It's been a rough six years for various reasons and I was beginning to wonder if I would ever go back to the care-free, happy me that used to be. (Hm. That rhymes.) But I've realized over the last few weeks (or maybe even just week) that I must be getting better.
I caught myself singing the other day. Not just a song on the radio or a hymn we happened to sing at church the week before, but sing-song singing. You know, where you narrate what you're doing or what you're seeing or wishing or thinking or whatever in a song. That was when I knew I was really getting better. I used to do that all the time, mostly in the bathroom when I was getting ready for the day.
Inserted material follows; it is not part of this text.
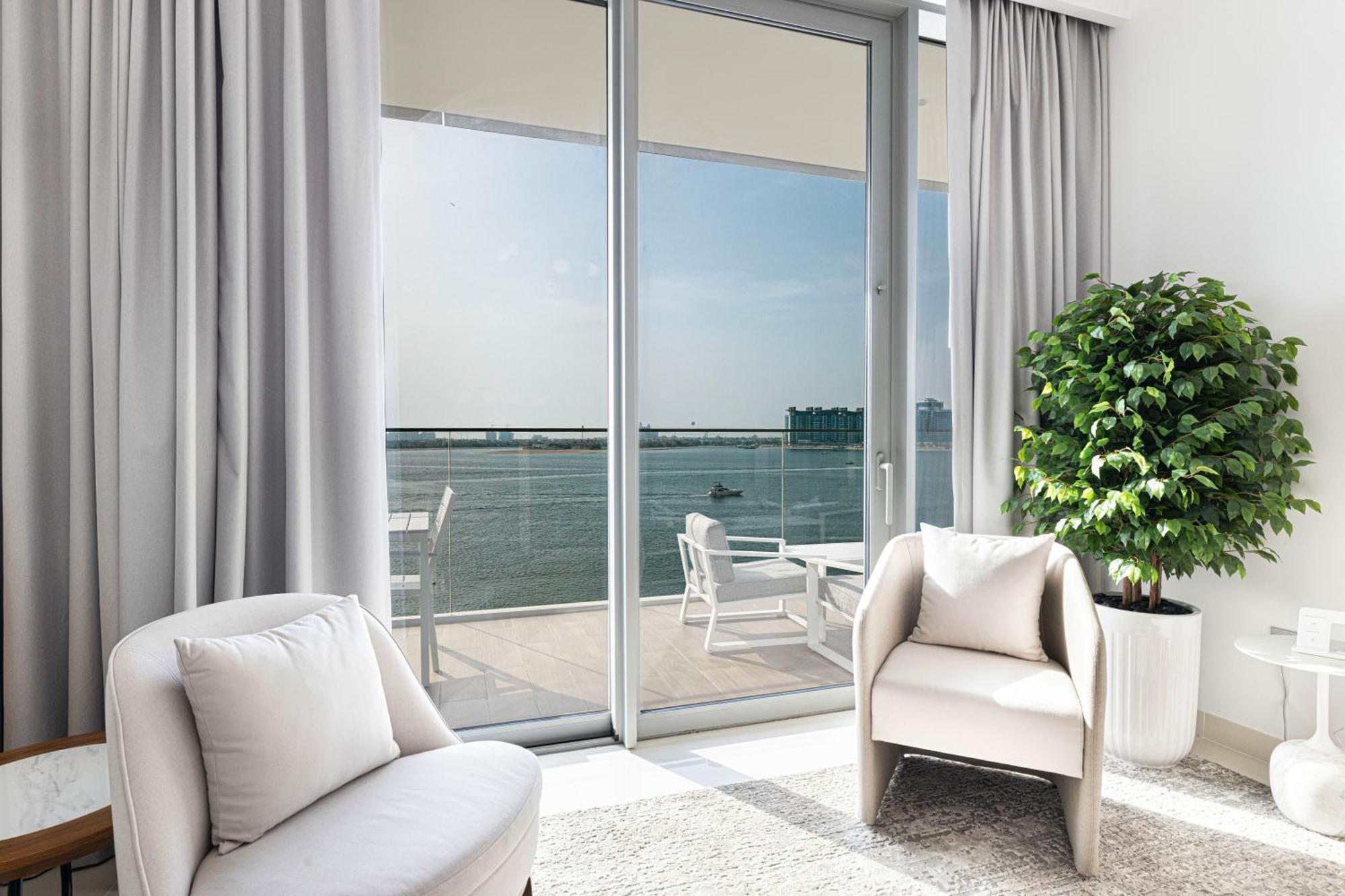 Lux Spacious 1 Bedroom - Beachfront And Seaview * Dubai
I first noticed it was over Christmas when I was super tired at my in-law's house. I started singing out my answers to Dustin's questions. I think someone commented on it, probably Noelle, my sister-in-law, and I told her that I have to sing when I'm super tired because otherwise I'll get grumpy and mean. Then I realized that I hadn't sung outside of car rides and church for a long, long time.
Rediscovering yourself is weird. It's not like reinventing yourself where you become something new, it's when you start to do things that you haven't done in a really long time and to realize that it was a central part of who you were but you forgot.
So, while I'm not care-free (I did grow up and become and adult after all) I am no longer care-full. I no longer feel like a free-spirit locked up in a cage.